Work required:
Give back an exact repetition of the material below, from its first line through the line that contains "Understatement Mesh Highwaist", both included, minus the pictures.

Data provided:

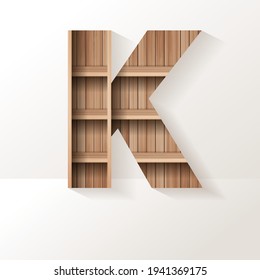 Letra del alfabeto del diseño del estante de la madera del vector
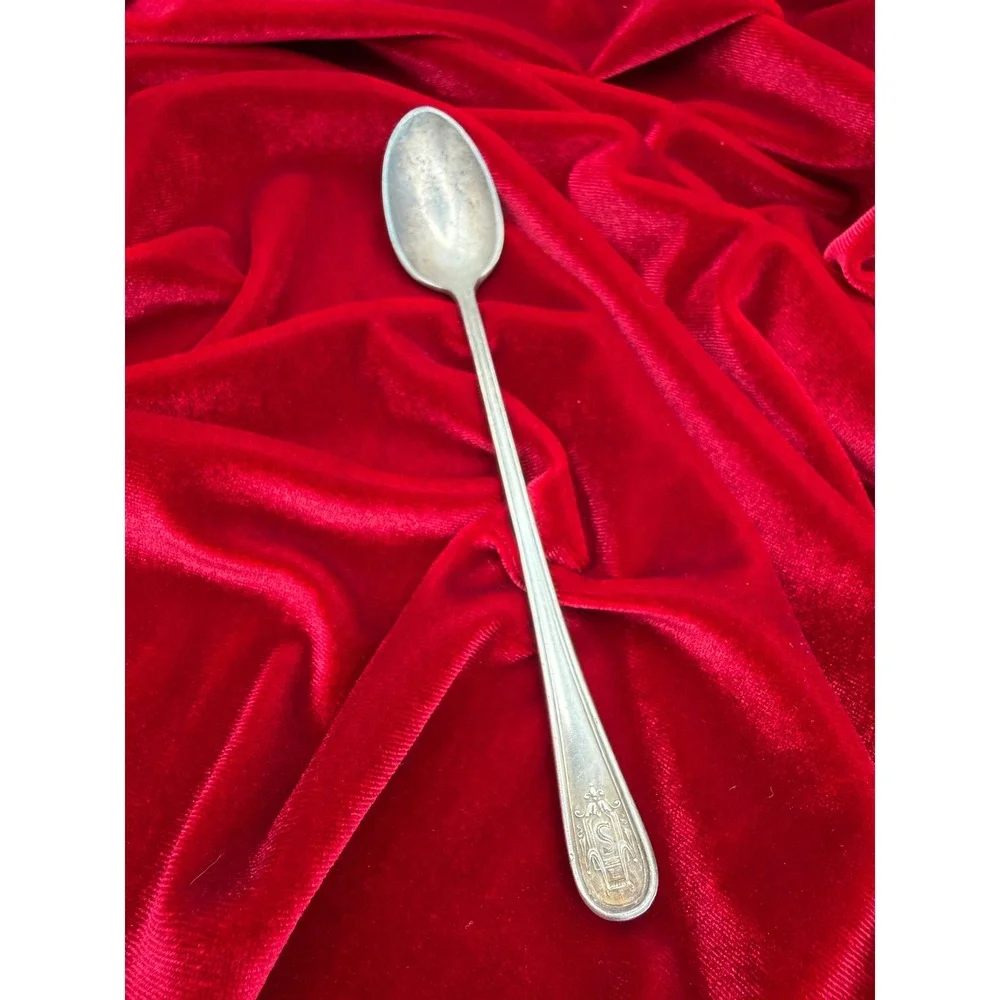 Vintage Hotel Statler Iced Tea Spoon Silver Plate Long Handle hotel silver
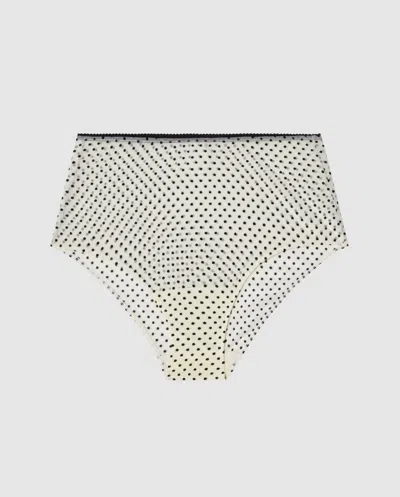 Understatement Mesh Highwaist Briefs Cream/black In Neutral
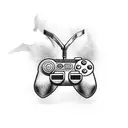 A video game controller merged with a movie reel tattoo design idea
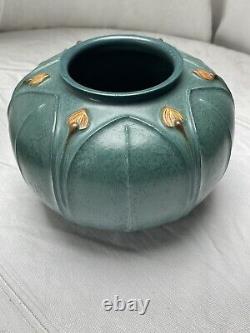 Ephraim Pottery Harmony Vase Retraité en Teal, Rare Arts et Crafts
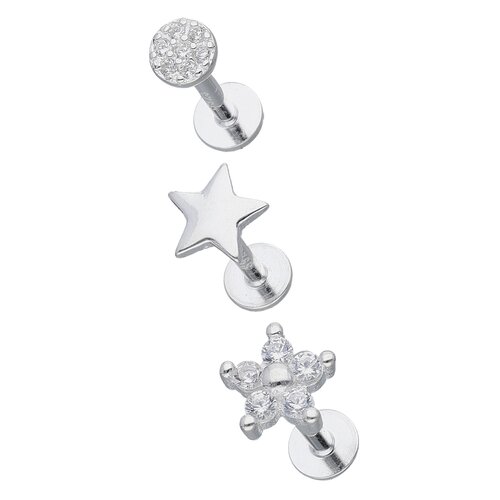 Set Aros Piercing Flat  Flor Estrella Circones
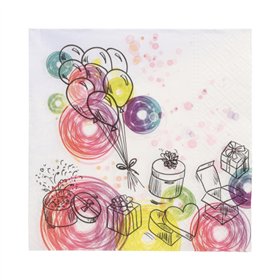 Servetten 3-laags 1/4 vouw 33cm x 33cm Birthday Gifts - Horecavoordeel.com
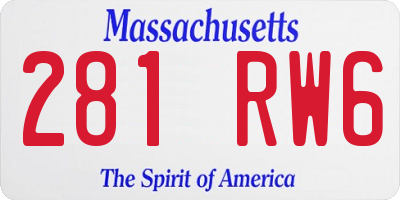 MA license plate 281RW6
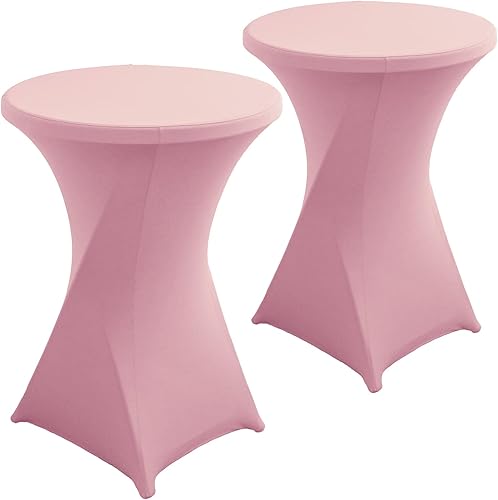 Paquete de 2 fundas de elastano rosa para mesa de cóctel, mantel redondo elástico, mantel ajustado para bodas, fiestas, banquetes, bares, eventos,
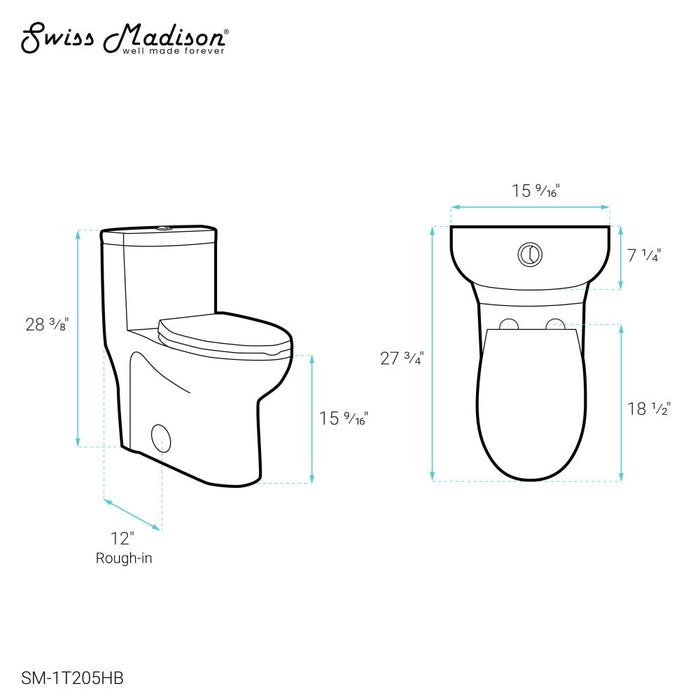 Swiss Madison Sublime One Piece Elongated Toilet Dual Flush, Black Hardware 1.1/1.6 gpf - SM-1T205HB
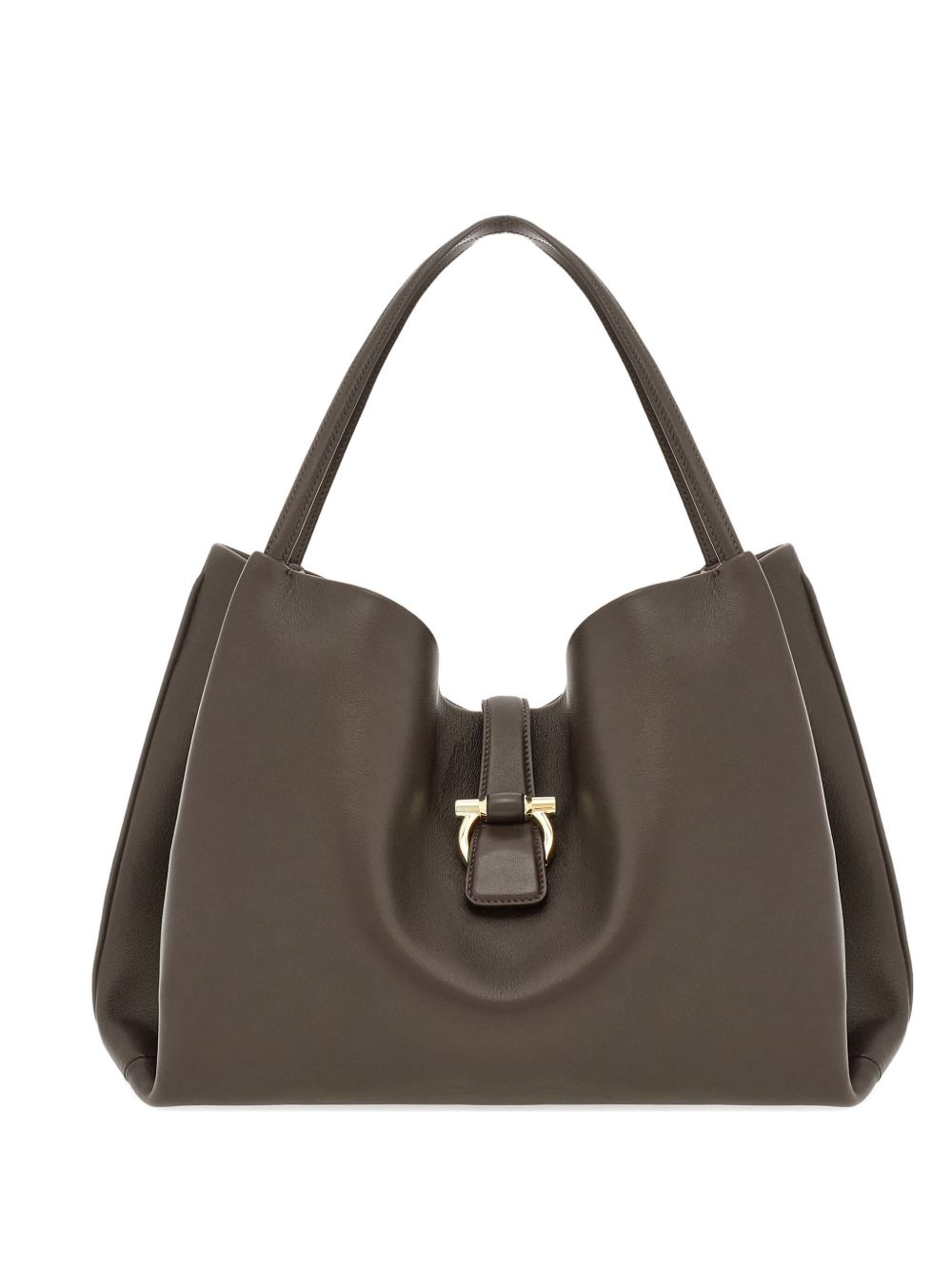 Ferragamo Medium Leather Shoulder Bag Grey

Task output:
 Letra del alfabeto del diseño del estante de la madera del vector
 Vintage Hotel Statler Iced Tea Spoon Silver Plate Long Handle hotel silver
 Understatement Mesh Highwaist Briefs Cream/black In Neutral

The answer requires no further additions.